Maybe it was publicity, but I heard about it word-of-mouth. "Oye,'' a friend said in a phone message, "you have to check it out. Es un espectaculo." Oh, yes, the "spectacle" was ocassion for me and another friend I had run into, a former boss who now runs Latin American business for an entertainment cable channel, to comment on how even the most "American" environments in Miami were actually Hispanic. We commented in Spanish, as we had non-Latin dishes for lunch.

Although the guy who tipped me had alerted me to a fantastic extra-virgin Spanish olive oil special, what really caught my eye was the skate at the seafood counter. That's the "wings" of the skate ray, which, as I understand it, is a cousin of the big manta rays one can see around coral reefs and the smaller sting rays that anyone raised in Florida knows how to avoid by doing the "sting ray shuffle" -- if wading in shallow water you step on something that moves, quickly shuffle your feet to allow the sting ray you stepped on to flee; otherwise it'll sting you.

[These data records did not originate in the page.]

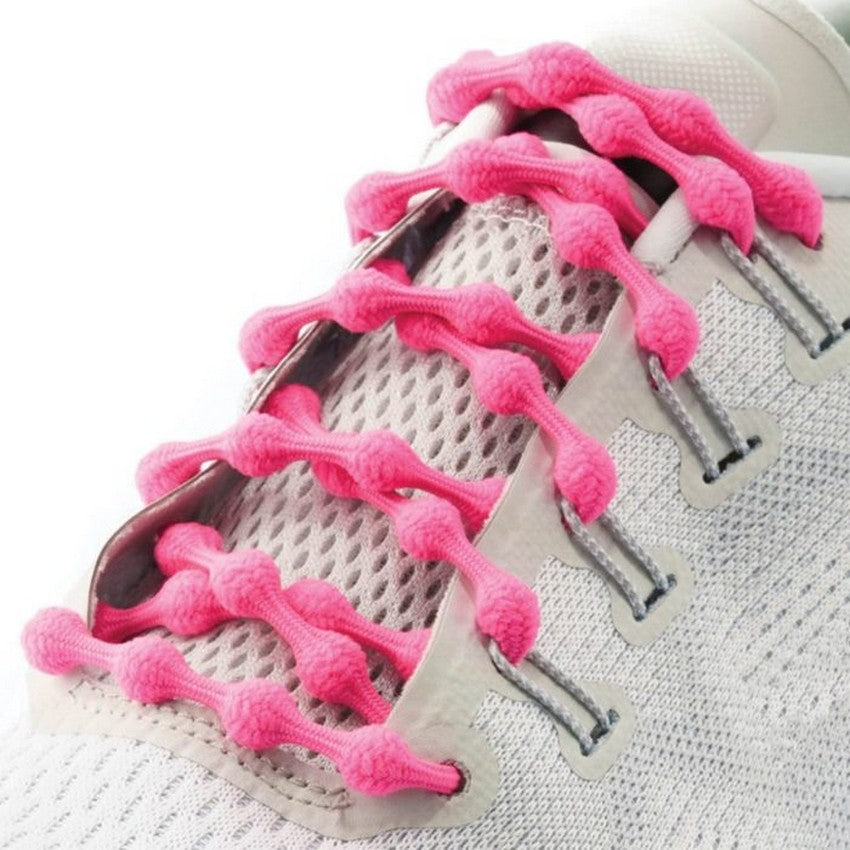 CATERPY SHOELACES RUN 30IN/75CM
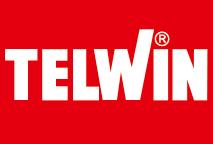 Telwin - Rideshop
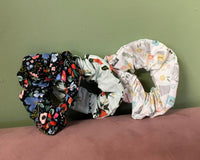 Honeybee Self Care Box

Skate in black butter is a French bistro classic I was eager to try at home since this was the first time I'd found it for sale locally. I checked my Larousse Gastronomique, which I love because it's a big book with recipes of few words, and it was as easy as it was good. Since the skate wings already came ready to cook, I could skip all the preparations and just slip them into boiling water with salt and vinegar -- I could've made a court bouillon but the book said either, so I went for the easy, though I did throw a bit of parsley in the water so as not to be such a slouch. Simmer for 10 minutes. In the meantime, put butter in a pan and cook slowly until it turns brown (the "black" butter is a bit of a hyperbole). Add capers to the butter. Pour on top of the cooked skate. That's it. Wonderful.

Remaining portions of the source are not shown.